FIG. 4C illustrates a side exploded view 440 of a plate member 440 (e.g., cross-sectional view 430 of shaft cover 420 in FIG. 4B) having a lip 441 in accordance with one embodiment. The plate member and lip in combination may have a thickness 444 between 8 mm and 30 mm (e.g., 10.8 mm) depending on a particular chamber and processing operations.
FIG. 5 illustrates a cross-sectional view of a processing system in accordance with one embodiment. The system 500 includes a showerhead 502 for delivering process gases in a processing volume, an edge ring 504 for supporting a substrate support (e.g., carrier), a shaft cover 506, and a shaft 508. Alternatively, the edge ring may be replaced with a susceptor. An overlap 512 illustrates that the shaft cover 506 may extend beyond an outer edge of an edge ring 504 (or susceptor). The overlap 512 can vary and may be approximately 10-50 mm (e.g., 20 mm).
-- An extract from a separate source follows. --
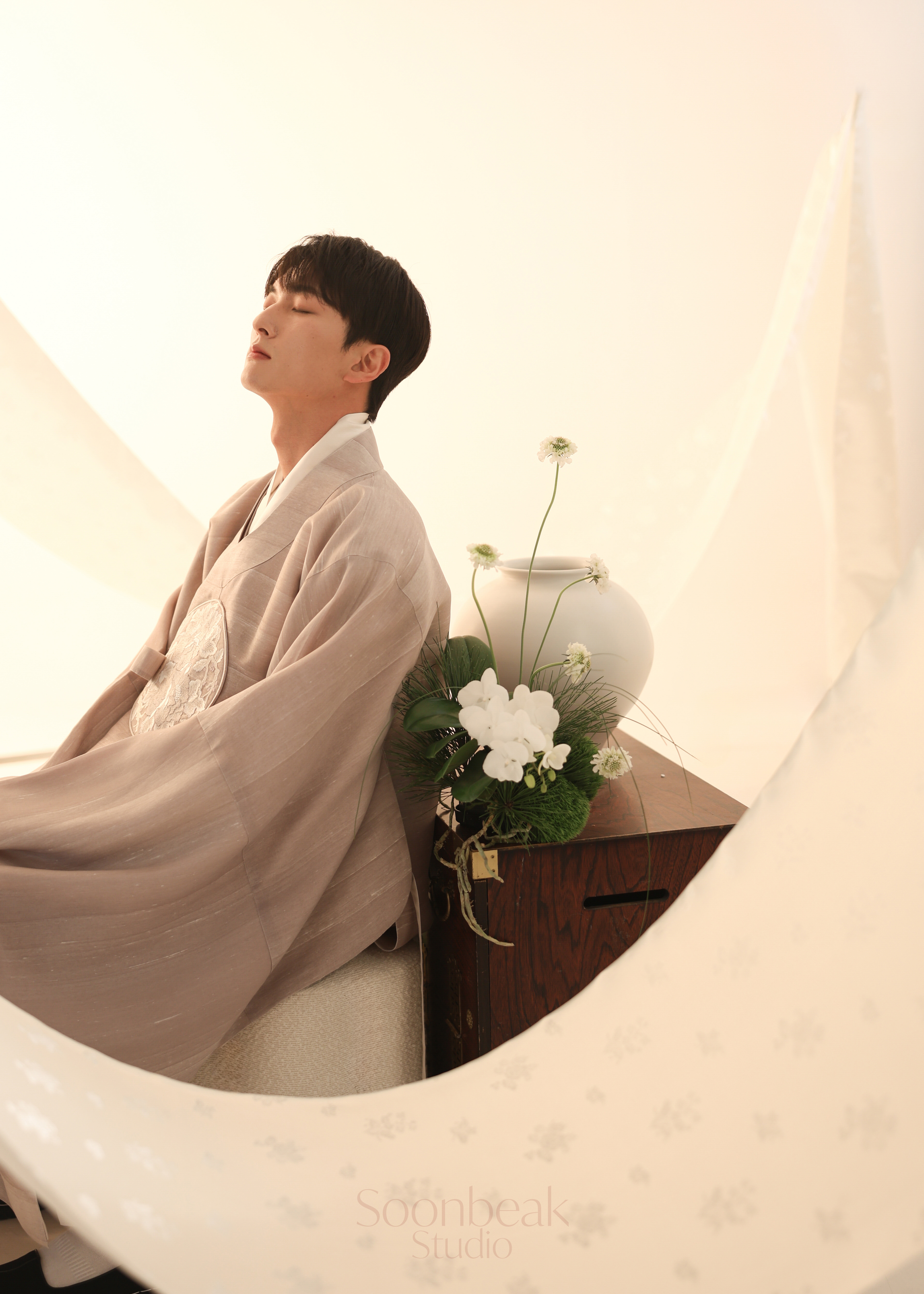 천안 프로필사진 순백스튜디오 — 남자 한복 프로필 사진 후기 3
The shaft cover 506 is spaced a certain distance 510 (e.g., approximately 2.2 mm to 10 mm) below an exhaust ring 514. A cover ring 516 is aligned above the exhaust ring 514.
FIG. 6A illustrates a cross-sectional view of a processing system without a shaft cover and FIG. 6B illustrates a cross-sectional view of a processing system with a shaft cover in accordance with one embodiment. Process sensitivity to a gap 610 occurs when the shaft 615 wobbles. The process sensitivity to a gap 620 will be reduced with a shaft cover induced channel as illustrated with the shaft cover 630 that is coupled to the shaft 625 in FIG. 6B.
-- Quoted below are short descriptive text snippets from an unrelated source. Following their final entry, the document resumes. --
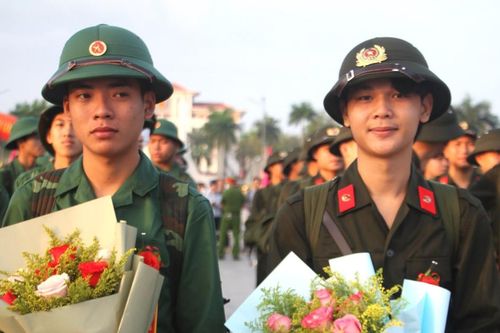 Thanh niên Quảng Nam hăng hái lên đường nhập ngũ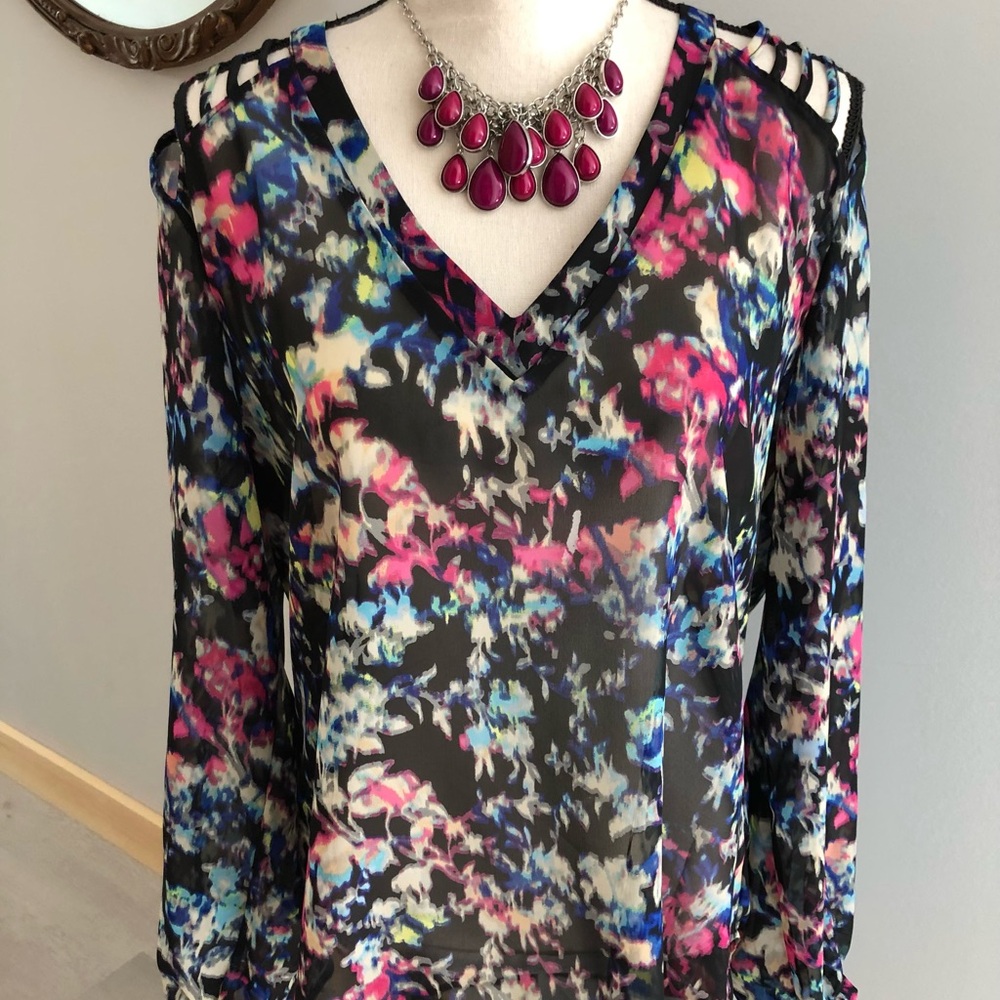 NEW! Black Edgy Caged Shoulder Whimseygoth Floral Top Size XL - Picture 2 of 12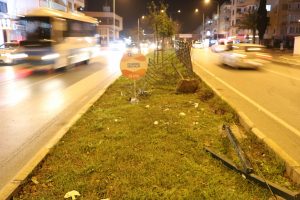 Motosiklet bankete ve tel &ccedil;ite &ccedil;arptı!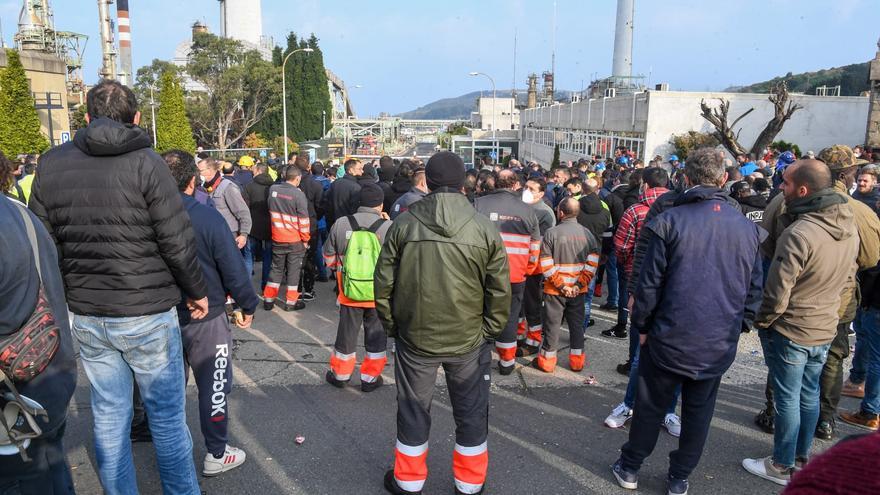 Trabajadores de la refinería de A Coruña y de auxiliares cortan el tráfico tras el accidente laboral con un fallecido y un herido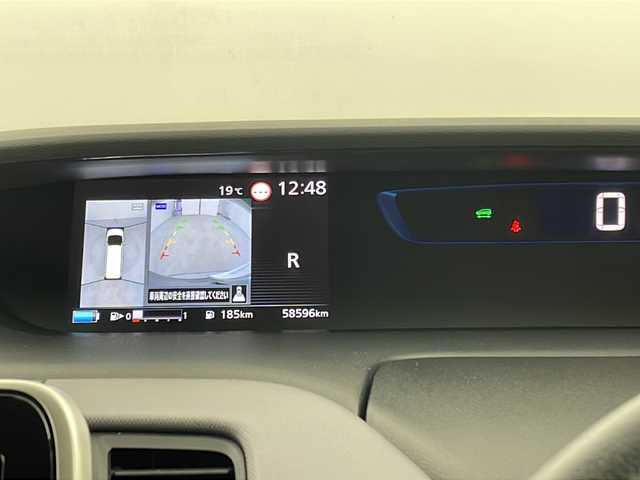 日産 セレナ e－パワー XV 新潟県 2018(平30)年 5.9万km ダイヤモンドブラック エマージェンシーブレーキ/純正フリップダウンモニター/ワンオーナー/純正8インチSDナビ/　　　CD/DVD/Blu-ray/AM/FM/フルセグ/BT/iPod/アラウンドビューモニター/両側パワースライドドア/クルーズコントロール/LEDオートライト/前席シートヒーター/純正アルミホイール付サマータイヤ車載(5ミリ)/インテリジェントパーキングアシスト/リアオートエアコン/ナビ連動ドライブレコーダー/ステアリングスイッチ/ステアリングヒーター/純正フロアマット/ドアバイザー/後席パーソナルテーブル/後席サンシェード/スペアキー/スマートキー/ETC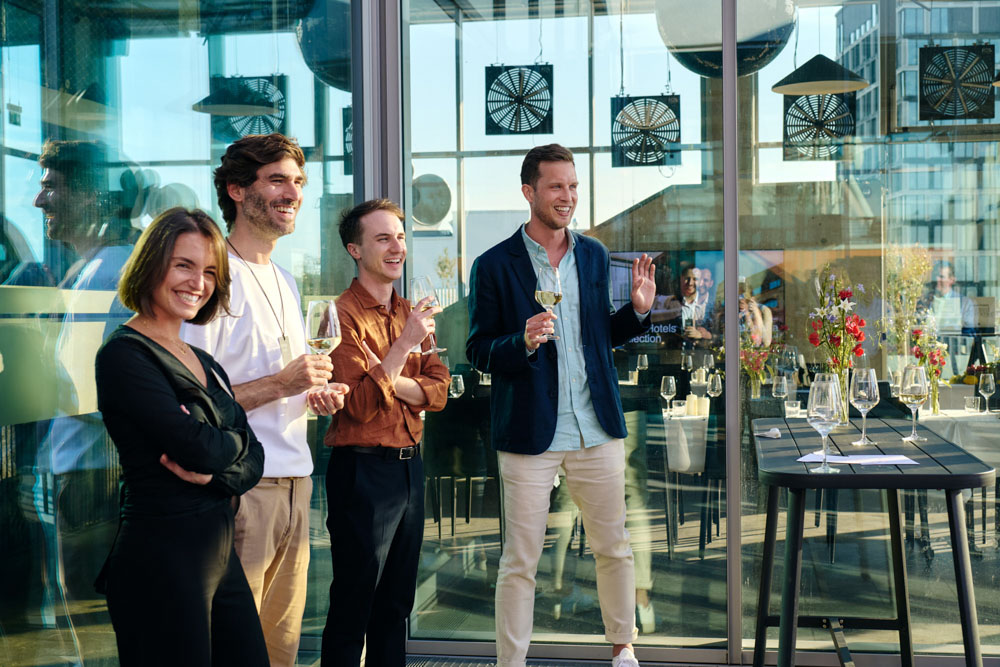 DH24 SALES CE Munich Travelpro18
FIG. 7A illustrates a cross-sectional view of a processing system without a shaft cover that shows a velocity profile and FIG. 7B illustrates a cross-sectional view of a processing system with a shaft cover that shows a velocity profile in accordance with one embodiment. The velocity profile, which is illustrated with arrows, is similar or the same above the susceptor 710 for FIGS. 7A and 7B, but below the susceptor 710 it has changed. With the shaft cover 720 illustrated in FIG. 7B, purge flow is more efficiently pumped out from the outer edge of the shaft cover 720 up to the pumping holes. This minimizes the re-circulated flow which may carry residual from the top down to the lower dome. Since the magnitude of the flow is similar or has not changed, residual that previously falls down to the lower dome will likely fall down to the shaft cover. The velocity profile in FIG. 7A has a velocity magnitude of approximately 7.581 m/s while velocity profile in FIG. 7B has a similar velocity magnitude of approximately 7.821. Thus, the shaft covers in FIGS. 6B and 7B will not impact the deposition/growth rate of n-GaN, MQW, and p-GaN layers.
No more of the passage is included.